Matrix Q Generation from QR Factorization

UNGQR (UNitary matrix Generation after QR factorization) explicitly generates the unitary matrix Q from the QR factorization GEQRF. Recall that the QR factorization of a M x N matrix A is given by:

\[A = Q * R\]

where R is an (N x N) upper triangular matrix, and Q is an (M x N) unitary matrix with orthonormal columns, defined as the first N columns of a product of K Householder reflectors H of order M:

\[ \begin{align}\begin{aligned}Q &= H(0) * H(1) * . . . * H(K - 1),\\H(i) &= I - tau[i] * v * v^H\end{aligned}\end{align} \]

Function GEQRF does not explicitly form Q. The elements below the diagonal of A, i.e., the vectors v, with the array tau, represent the matrix Q as a product of a sequence of K Householder reflectors.

Function ungqr explicitly forms Q as a (M x N) unitary matrix, where M >= N >= K is required.

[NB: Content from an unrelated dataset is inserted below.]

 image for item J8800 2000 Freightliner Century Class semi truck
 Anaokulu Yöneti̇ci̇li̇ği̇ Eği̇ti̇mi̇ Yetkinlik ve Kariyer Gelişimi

cuSolverDx ungqr device functions are (see Execution Methods):

__device__ void execute(data_type* A, const data_type* tau);
// with runtime leading dimensions
__device__ void execute(data_type* A, const unsigned int lda, const data_type* tau);

A is a batched M x N matrix coming from the output of GEQRF, with leading dimension lda >= M if A is in column-major layout, or lda >= N if A is row-major. The upper triangular part of A contains the vectors v that define the elementary Householder reflectors.

Array tau is an input array of size K for each batch, coming from the output of GEQRF.

After the function returns, A is overwritten with the matrix Q.

The functions support:

1. A being either column- or row-major memory layout, see Arrangement Operator.

2. Matrix A dimension M >= N >= K is required.